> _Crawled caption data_
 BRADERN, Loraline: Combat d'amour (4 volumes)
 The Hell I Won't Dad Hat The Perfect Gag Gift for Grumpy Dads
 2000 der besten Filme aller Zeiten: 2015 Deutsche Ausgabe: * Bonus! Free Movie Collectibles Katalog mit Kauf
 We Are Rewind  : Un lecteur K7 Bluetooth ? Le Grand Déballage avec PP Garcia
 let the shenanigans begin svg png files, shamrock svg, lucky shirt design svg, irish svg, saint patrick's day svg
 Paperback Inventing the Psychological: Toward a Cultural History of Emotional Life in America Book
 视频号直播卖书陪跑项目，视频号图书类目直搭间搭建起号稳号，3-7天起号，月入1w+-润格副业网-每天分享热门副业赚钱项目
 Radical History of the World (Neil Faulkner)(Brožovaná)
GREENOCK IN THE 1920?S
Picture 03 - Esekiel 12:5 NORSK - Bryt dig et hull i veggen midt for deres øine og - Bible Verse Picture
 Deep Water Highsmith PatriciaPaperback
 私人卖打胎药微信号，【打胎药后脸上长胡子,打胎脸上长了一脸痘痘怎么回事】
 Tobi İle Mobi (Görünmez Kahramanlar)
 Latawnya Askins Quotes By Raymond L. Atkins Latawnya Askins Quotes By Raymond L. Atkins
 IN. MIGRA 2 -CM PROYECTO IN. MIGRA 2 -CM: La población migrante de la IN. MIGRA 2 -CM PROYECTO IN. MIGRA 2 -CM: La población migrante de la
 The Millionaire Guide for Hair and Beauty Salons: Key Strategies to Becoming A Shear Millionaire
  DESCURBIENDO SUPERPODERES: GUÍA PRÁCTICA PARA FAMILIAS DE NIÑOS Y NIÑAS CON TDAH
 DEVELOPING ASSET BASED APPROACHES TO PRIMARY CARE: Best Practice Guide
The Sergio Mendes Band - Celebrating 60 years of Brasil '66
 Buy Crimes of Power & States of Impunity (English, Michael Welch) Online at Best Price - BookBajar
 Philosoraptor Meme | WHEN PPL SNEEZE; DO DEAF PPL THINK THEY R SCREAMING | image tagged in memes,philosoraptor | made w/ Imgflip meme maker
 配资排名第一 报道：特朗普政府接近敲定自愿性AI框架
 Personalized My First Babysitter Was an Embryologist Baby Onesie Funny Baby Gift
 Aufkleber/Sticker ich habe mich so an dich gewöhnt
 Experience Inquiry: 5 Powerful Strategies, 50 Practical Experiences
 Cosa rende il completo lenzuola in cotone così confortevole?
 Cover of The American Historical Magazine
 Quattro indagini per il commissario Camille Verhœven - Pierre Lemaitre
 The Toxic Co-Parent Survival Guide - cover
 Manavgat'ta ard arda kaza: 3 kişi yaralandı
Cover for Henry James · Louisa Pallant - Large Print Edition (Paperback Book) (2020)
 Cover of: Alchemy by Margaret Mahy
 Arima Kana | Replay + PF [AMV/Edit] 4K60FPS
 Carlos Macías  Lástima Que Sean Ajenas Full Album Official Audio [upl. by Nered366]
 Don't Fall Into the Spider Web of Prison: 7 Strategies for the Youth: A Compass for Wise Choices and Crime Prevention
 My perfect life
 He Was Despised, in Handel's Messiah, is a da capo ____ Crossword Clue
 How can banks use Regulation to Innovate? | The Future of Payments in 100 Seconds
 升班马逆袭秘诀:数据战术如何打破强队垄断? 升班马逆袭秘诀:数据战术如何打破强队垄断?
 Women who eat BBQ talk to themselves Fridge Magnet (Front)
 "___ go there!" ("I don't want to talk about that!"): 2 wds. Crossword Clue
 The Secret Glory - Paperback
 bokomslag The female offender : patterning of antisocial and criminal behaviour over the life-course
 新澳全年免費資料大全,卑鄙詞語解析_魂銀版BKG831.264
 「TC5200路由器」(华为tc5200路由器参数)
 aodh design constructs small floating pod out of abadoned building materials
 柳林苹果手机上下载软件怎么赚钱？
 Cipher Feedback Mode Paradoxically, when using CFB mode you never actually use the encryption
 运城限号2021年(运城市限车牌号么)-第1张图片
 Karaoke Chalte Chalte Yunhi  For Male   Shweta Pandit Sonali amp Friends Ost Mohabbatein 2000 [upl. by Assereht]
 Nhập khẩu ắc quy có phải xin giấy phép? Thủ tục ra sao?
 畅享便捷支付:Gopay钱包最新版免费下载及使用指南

> _What you are asked to do_
Each line shown above needs to be transcribed exactly.

> _Answer below_
 BRADERN, Loraline: Combat d'amour (4 volumes)
 The Hell I Won't Dad Hat The Perfect Gag Gift for Grumpy Dads
 2000 der besten Filme aller Zeiten: 2015 Deutsche Ausgabe: * Bonus! Free Movie Collectibles Katalog mit Kauf
 We Are Rewind  : Un lecteur K7 Bluetooth ? Le Grand Déballage avec PP Garcia
 let the shenanigans begin svg png files, shamrock svg, lucky shirt design svg, irish svg, saint patrick's day svg
 Paperback Inventing the Psychological: Toward a Cultural History of Emotional Life in America Book
 视频号直播卖书陪跑项目，视频号图书类目直搭间搭建起号稳号，3-7天起号，月入1w+-润格副业网-每天分享热门副业赚钱项目
 Radical History of the World (Neil Faulkner)(Brožovaná)
GREENOCK IN THE 1920?S
Picture 03 - Esekiel 12:5 NORSK - Bryt dig et hull i veggen midt for deres øine og - Bible Verse Picture
 Deep Water Highsmith PatriciaPaperback
 私人卖打胎药微信号，【打胎药后脸上长胡子,打胎脸上长了一脸痘痘怎么回事】
 Tobi İle Mobi (Görünmez Kahramanlar)
 Latawnya Askins Quotes By Raymond L. Atkins Latawnya Askins Quotes By Raymond L. Atkins
 IN. MIGRA 2 -CM PROYECTO IN. MIGRA 2 -CM: La población migrante de la IN. MIGRA 2 -CM PROYECTO IN. MIGRA 2 -CM: La población migrante de la
 The Millionaire Guide for Hair and Beauty Salons: Key Strategies to Becoming A Shear Millionaire
  DESCURBIENDO SUPERPODERES: GUÍA PRÁCTICA PARA FAMILIAS DE NIÑOS Y NIÑAS CON TDAH
 DEVELOPING ASSET BASED APPROACHES TO PRIMARY CARE: Best Practice Guide
The Sergio Mendes Band - Celebrating 60 years of Brasil '66
 Buy Crimes of Power & States of Impunity (English, Michael Welch) Online at Best Price - BookBajar
 Philosoraptor Meme | WHEN PPL SNEEZE; DO DEAF PPL THINK THEY R SCREAMING | image tagged in memes,philosoraptor | made w/ Imgflip meme maker
 配资排名第一 报道：特朗普政府接近敲定自愿性AI框架
 Personalized My First Babysitter Was an Embryologist Baby Onesie Funny Baby Gift
 Aufkleber/Sticker ich habe mich so an dich gewöhnt
 Experience Inquiry: 5 Powerful Strategies, 50 Practical Experiences
 Cosa rende il completo lenzuola in cotone così confortevole?
 Cover of The American Historical Magazine
 Quattro indagini per il commissario Camille Verhœven - Pierre Lemaitre
 The Toxic Co-Parent Survival Guide - cover
 Manavgat'ta ard arda kaza: 3 kişi yaralandı
Cover for Henry James · Louisa Pallant - Large Print Edition (Paperback Book) (2020)
 Cover of: Alchemy by Margaret Mahy
 Arima Kana | Replay + PF [AMV/Edit] 4K60FPS
 Carlos Macías  Lástima Que Sean Ajenas Full Album Official Audio [upl. by Nered366]
 Don't Fall Into the Spider Web of Prison: 7 Strategies for the Youth: A Compass for Wise Choices and Crime Prevention
 My perfect life
 He Was Despised, in Handel's Messiah, is a da capo ____ Crossword Clue
 How can banks use Regulation to Innovate? | The Future of Payments in 100 Seconds
 升班马逆袭秘诀:数据战术如何打破强队垄断? 升班马逆袭秘诀:数据战术如何打破强队垄断?
 Women who eat BBQ talk to themselves Fridge Magnet (Front)
 "___ go there!" ("I don't want to talk about that!"): 2 wds. Crossword Clue
 The Secret Glory - Paperback
 bokomslag The female offender : patterning of antisocial and criminal behaviour over the life-course
 新澳全年免費資料大全,卑鄙詞語解析_魂銀版BKG831.264
 「TC5200路由器」(华为tc5200路由器参数)
 aodh design constructs small floating pod out of abadoned building materials
 柳林苹果手机上下载软件怎么赚钱？
 Cipher Feedback Mode Paradoxically, when using CFB mode you never actually use the encryption
 运城限号2021年(运城市限车牌号么)-第1张图片
 Karaoke Chalte Chalte Yunhi  For Male   Shweta Pandit Sonali amp Friends Ost Mohabbatein 2000 [upl. by Assereht]
 Nhập khẩu ắc quy có phải xin giấy phép? Thủ tục ra sao?
 畅享便捷支付:Gopay钱包最新版免费下载及使用指南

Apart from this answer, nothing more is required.